Work instruction
An exact transcription of all the data is required; the pictures are to be left out.

Data extract
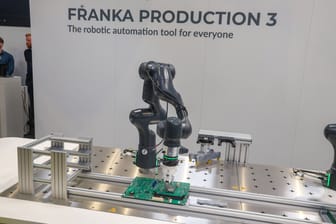 Ein Roboter von Franka Emika auf einer Messe in Hannover (Archivbild).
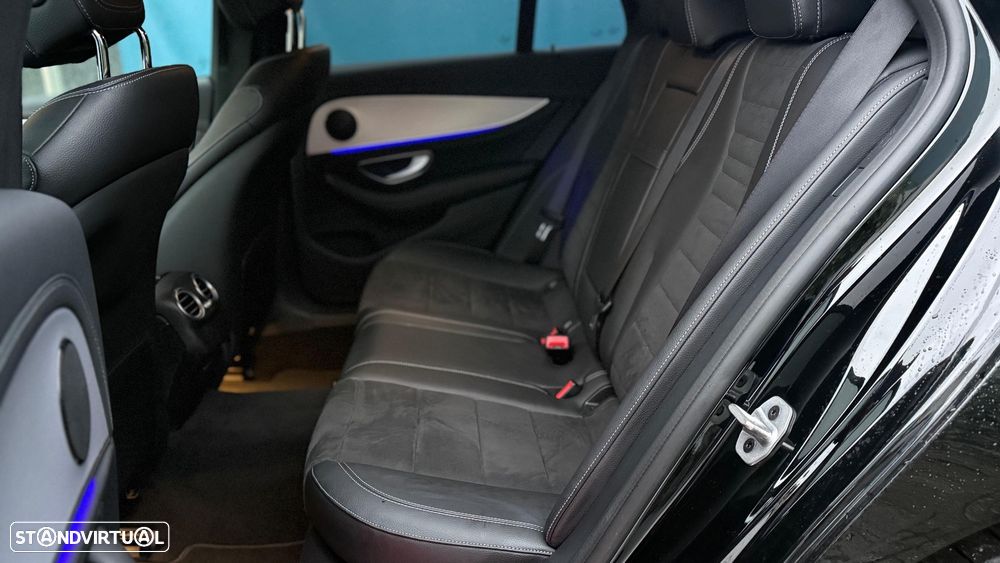 Mercedes-Benz E 300 de AMG Line - 10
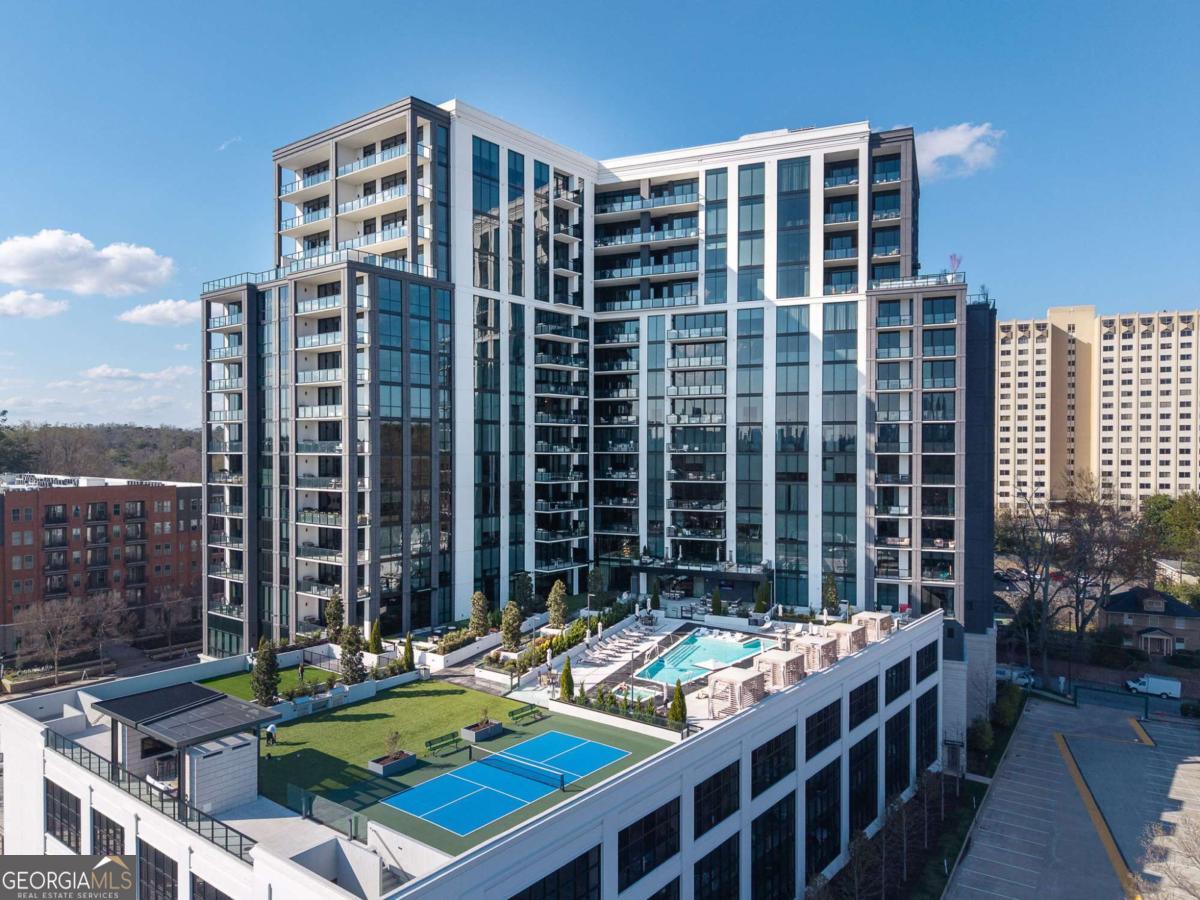 2425 Peachtree Road NE Atlanta GA 30305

Reply to the task
 Ein Roboter von Franka Emika auf einer Messe in Hannover (Archivbild).
 Mercedes-Benz E 300 de AMG Line - 10
 2425 Peachtree Road NE Atlanta GA 30305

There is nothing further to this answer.